What a strange complaint. The fact that you happened to watch a notoriously argumentative teammate of yours argue about that clue during a game which a total of 2 teams were playing should have absolutely nothing to do with how the editors make their set. Sometimes odd external factors cause clues to be emblazoned in your memory, that's the nature of the game, and those are things you should gladly take rather than complain about in a way that would unduly effect the amazingly overwhelming bulk of other teams who didn't see that particular match.
Tend to agree with Charles. :)

Re: General Discussion

Posted: Wed Oct 05, 2011 11:10 pm
by Jeremy Gibbs Paradox
kdroge wrote:I have updated the Gibbons tossup and the First Amendment bonus to reflect some of the comments in this thread. Particularly, I implemented the wording changes that were mentioned; I think that most of them would be glossed over when read in a match setting and wouldn't influence how people would buzz or be able to parse the question, but I agree that it's important to be as precise as possible. I changed the description of how Gibbons was referenced by Heart of Atlanta. The Near V. Minnesota bonus part also now mentions prior restraint, which does appear to be a significant reason for its importance.
It does not appear, it simply IS. See NY Times v. United States. That is the sole basis for the prior restraint doctrine.

Re: General Discussion

Posted: Wed Oct 05, 2011 11:15 pm
by Jeremy Gibbs Paradox
Further Kurtis this is a subject I have actual knowledge on, and while reading the question (noting I was not trying to parse it while hearing it which would have placed me at a further disadvantage) I had no clue what you were really trying to say in that Gibbons question. If you are so unclear to where someone who has a JD and has studied constitutional law at length cannot understand what you are saying or knows what you are saying is wrong, then maybe "glossing over it" is not the way to write/edit a q to reward knowledge no?

Re: General Discussion

Posted: Thu Oct 06, 2011 8:30 am
by Papa's in the House
The Laughing Cavalier wrote:
I have no idea what Ben used, but I fact-checked this using my Illustrated Encyclopedia of World Mythology. Different versions of myths exist, so I apologize if you were confused, the clue's as "correct" as a myth clue can be.
At this point I just wanted to get the source used so I can read it and learn that (and other) clues for the future. Thanks for pointing me to one.

Re: General Discussion

Posted: Thu Oct 06, 2011 12:52 pm
by Blackboard Monitor Vimes
Papa's in the House wrote:
The Laughing Cavalier wrote:
I have no idea what Ben used, but I fact-checked this using my Illustrated Encyclopedia of World Mythology. Different versions of myths exist, so I apologize if you were confused, the clue's as "correct" as a myth clue can be.
At this point I just wanted to get the source used so I can read it and learn that (and other) clues for the future. Thanks for pointing me to one.
Aha. I definitely recommend it; it's got a lot of great stuff on myth systems that can be frustrating to find legitimate-looking sources for online (Celtic, Japanese, etc). Being an illustrated encyclopedia, it also has lots of pretty pictures that make it pleasant to use.

Re: General Discussion

Posted: Sat Oct 08, 2011 10:08 pm
by touchpack
Can you post the special relativity tossup? I remember being confused as to what exactly it was asking for--although I think I missed the pronoun.

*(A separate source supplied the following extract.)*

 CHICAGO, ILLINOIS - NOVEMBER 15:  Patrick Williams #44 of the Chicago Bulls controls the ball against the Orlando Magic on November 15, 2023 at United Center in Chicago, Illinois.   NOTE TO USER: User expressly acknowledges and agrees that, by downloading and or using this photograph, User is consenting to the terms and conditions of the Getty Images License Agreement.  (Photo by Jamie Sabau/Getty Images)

I also recall a tossup on capacitors that perhaps would have been more suited to a high school tournament, dropping dielectrics in the second or third clue.

On the whole, I thought this set was very enjoyable and the only major problem was the distribution of questions through a packet making categories clump together.

Re: General Discussion

Posted: Sun Oct 09, 2011 11:54 am
by Red-necked Phalarope
Yeah, I really enjoyed this tournament, and particularly enjoyed the efforts to make sure each bonus had a significantly easy and hard part. This didn't always work (e.g. the Ash Wednesday/Palm Sunday bonus), but most deviations tended to be towards making bonuses too easy rather than too hard.

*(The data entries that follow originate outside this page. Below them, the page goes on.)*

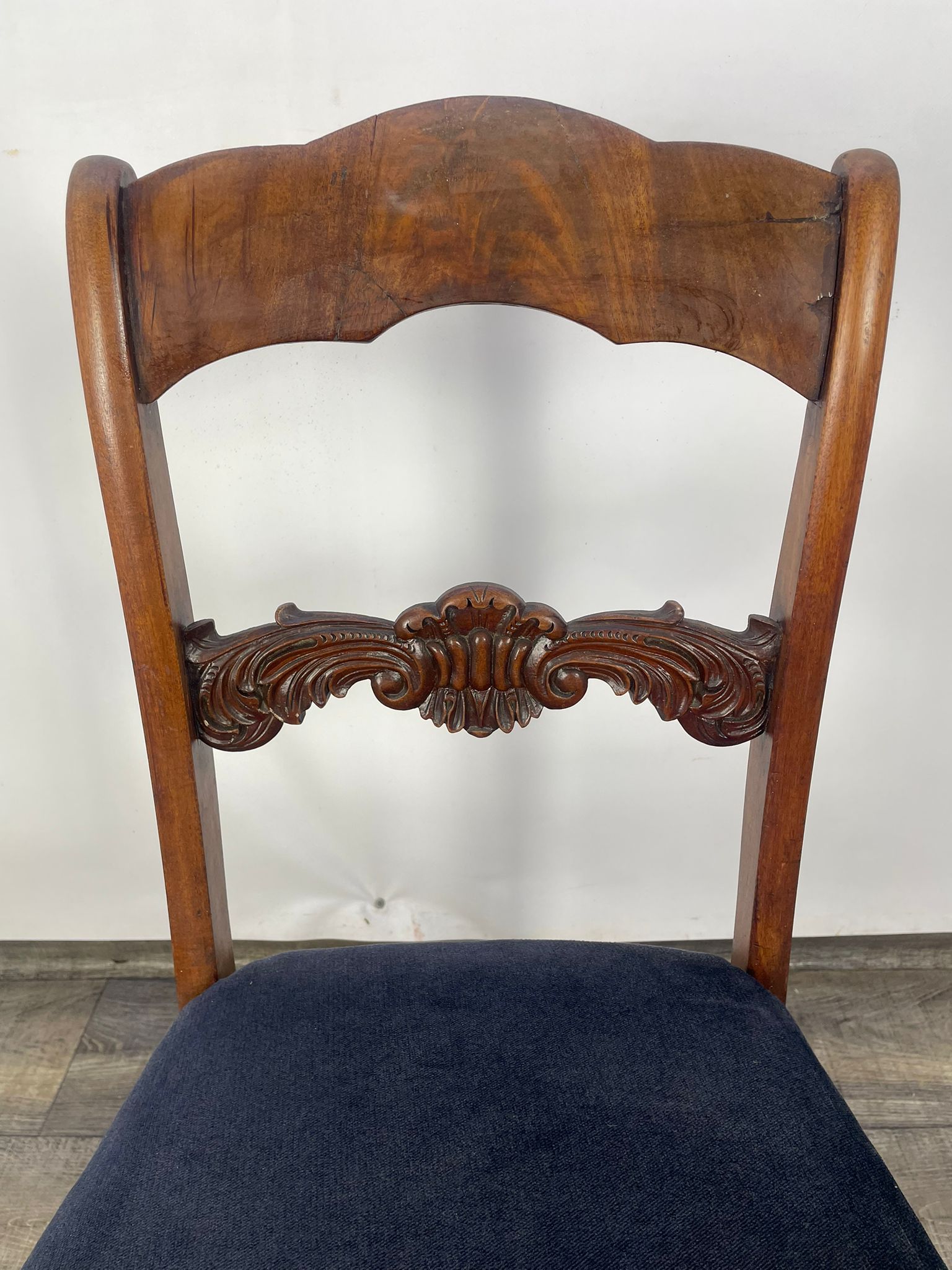 Krzesło w stylu angielskim lite drewno orzech XX w - Image 4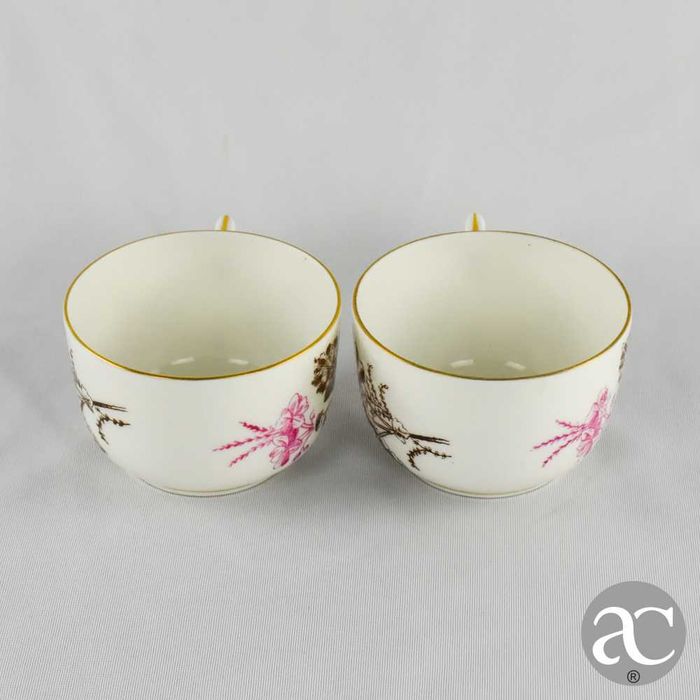 Par de chávenas de Chá porcelana Vista Alegre, início séc. XX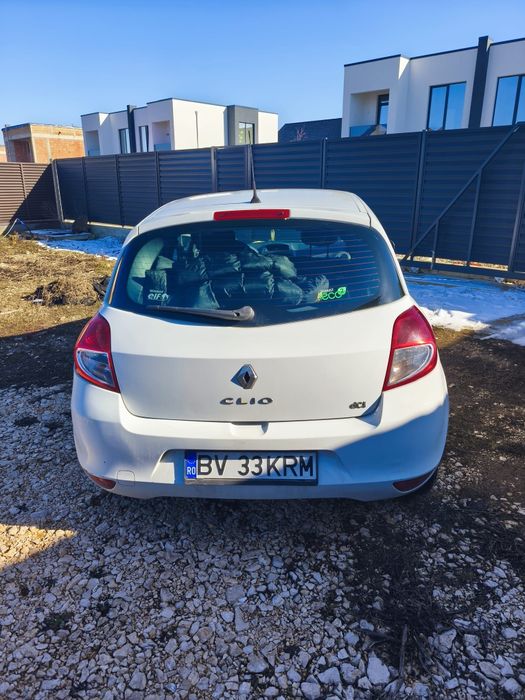 Vând Renault 2011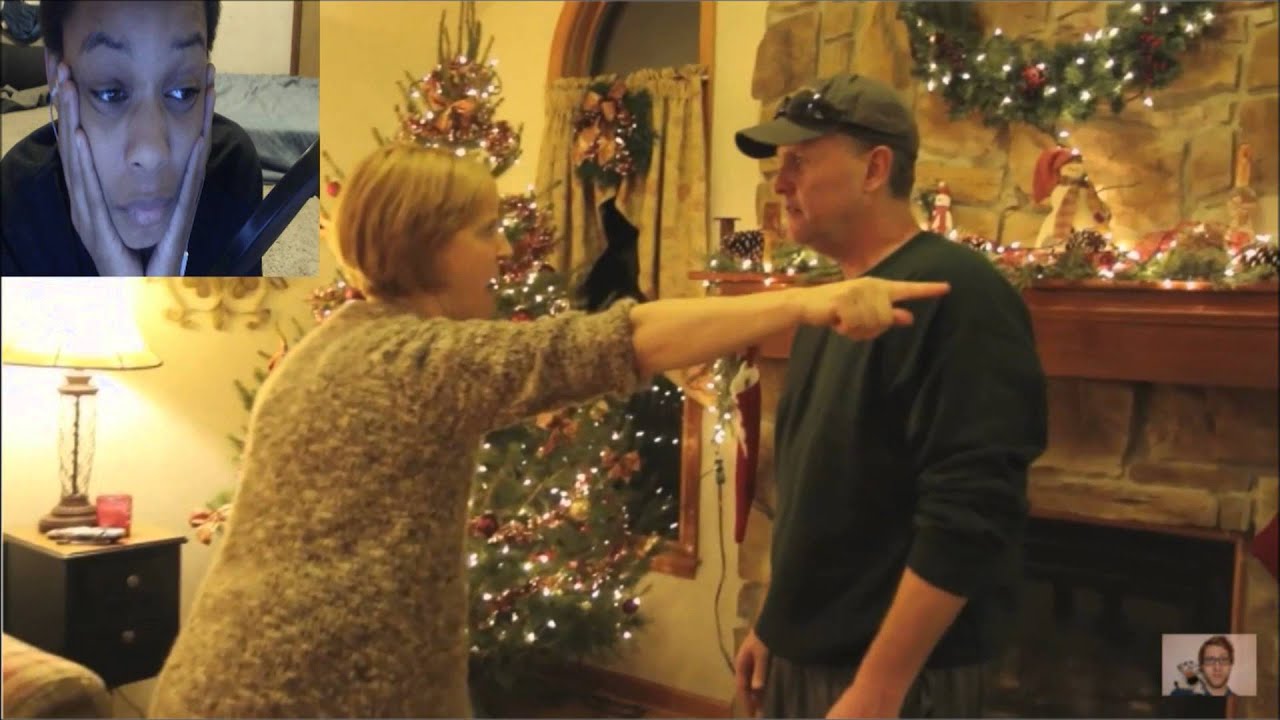 AUNT MELISSA FIGHTS PSYCHO DAD REACTION |  IT FLEW!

The tossups in packet 6 (or what was read 6th at UMich) seemed to be really prone to transparency, but I'm afraid I don't have any examples of this on hand.

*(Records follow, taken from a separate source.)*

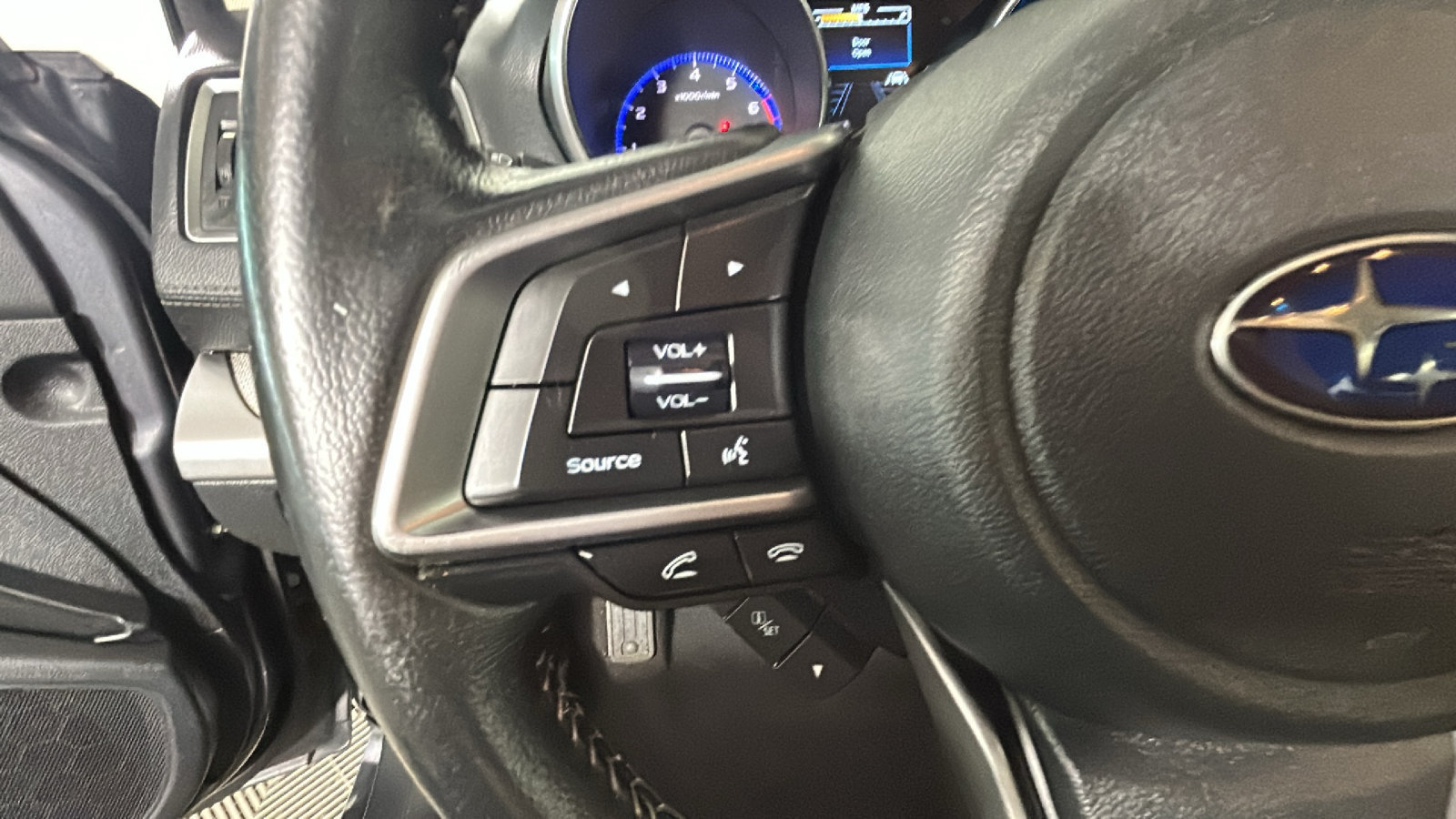 Used 2018 Subaru Legacy 2.5i Premium w/ Eyesight & BSD & Rcta & HBA AWD/4WD image 18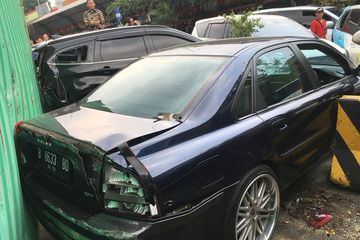 Dijuluki Tank Dari Swedia Harga Volvo S80 Seken Ternyata Sudah Murah Sob Gridoto Com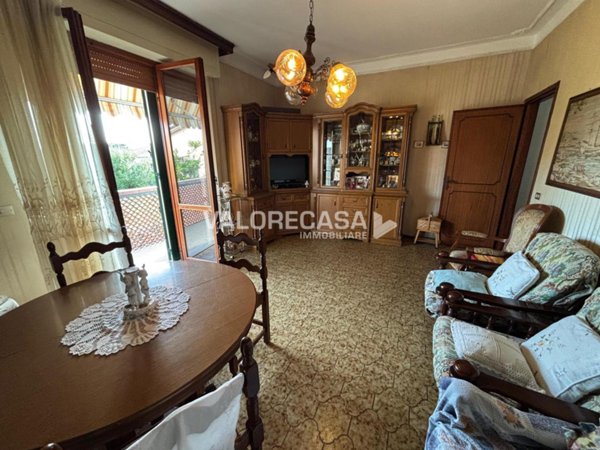 casa indipendente in vendita a Luni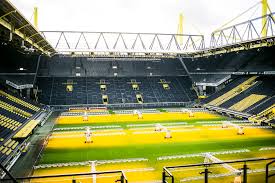 Borussia dortmund baut digitale oberrangbande ins stadion. Unsere Bvb Stadiontour Im Signal Iduna Park In Dortmund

The small amount of trash was a bit disappointing, but what there was was pretty great. Great set on the whole, which I think worked well for teams of varying strengths.

Re: General Discussion

Posted: Sun Oct 09, 2011 1:18 pm
by Steeve Ho You Fat
I enjoyed this tournament. I too noticed the randomization issues - I don't recall which packets, but I felt like there were several times when there were two or three questions from the same category in the first five or six tossups.
touchpack wrote:Can you post the special relativity tossup? I remember being confused as to what exactly it was asking for--although I think I missed the pronoun.
Same for me, I knew what it was talking about three or four lines before I buzzed either because I missed the pronouns or because there weren't any.

Re: General Discussion

Posted: Sun Oct 09, 2011 2:42 pm
by 1992 in spaceflight
Could you also post the tossup on Peasant Wars? At the Missouri site, someone buzzed in with Peasant wars and that wasn't acceptable. I'm just curious as to why.

Re: General Discussion

Posted: Sun Oct 09, 2011 3:19 pm
by Cody
- That capacitor tossup was really, really awful. You talk about it having an electric field and storing energy and then it having a dielectric, and you're not even halfway through the question! There are plenty of good middle clues that could have been used if you'd ventured outside of pure Physics.
- For the tides tossup, the Rossby number is the ratio of inertial to Coriolis forces and characterizes the importance of the Coriolis acceleration compared to horizontal acceleration. As far as I know, it has nothing to do with tides in specific but more with ocean and atmospheric dynamics in general. I can't find a reference to the clue as stated in the tossup so am curious where it came from.
- The root finding tossup struck me as "transparent" (yes, yes, I know)--about halfway through, it's very obvious the question is looking for "this thing you do to polynomials", and I can't really think of anything else that you'd do to them.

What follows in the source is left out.